══ Material provided ══

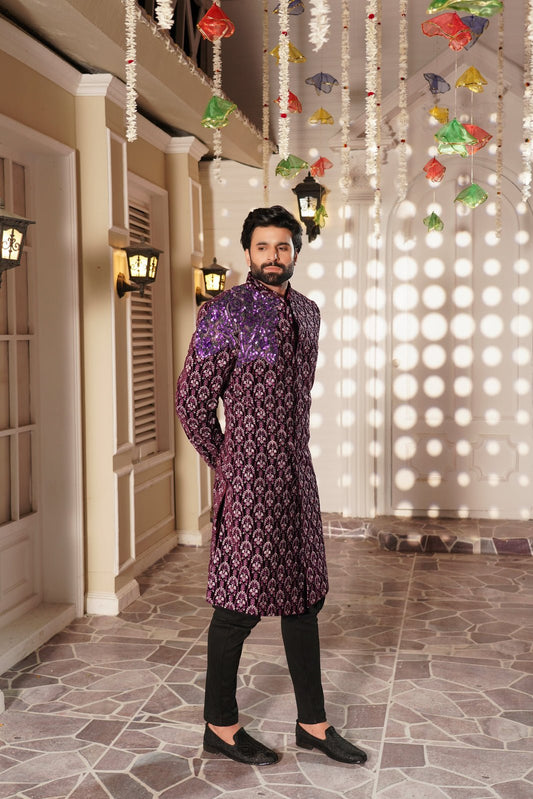 Sherwani Purple Embroidered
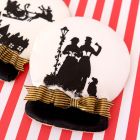 Snow Globe Victorian Christmas Silhouette Mesh Stencil Set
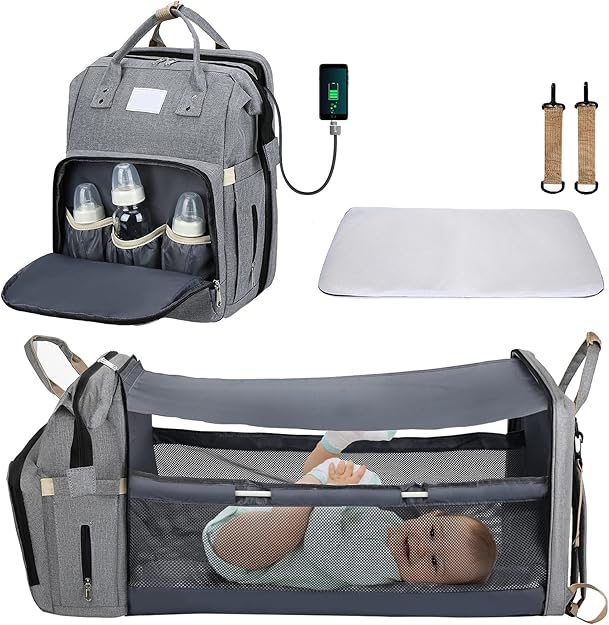 CHARMINER Baby Diaper Bag Backpack with Changing Station, Foldable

═══

What the task requires
Would you set down the material exactly as it stands, without the pictures?

Answer section
 Sherwani Purple Embroidered
 Snow Globe Victorian Christmas Silhouette Mesh Stencil Set
 CHARMINER Baby Diaper Bag Backpack with Changing Station, Foldable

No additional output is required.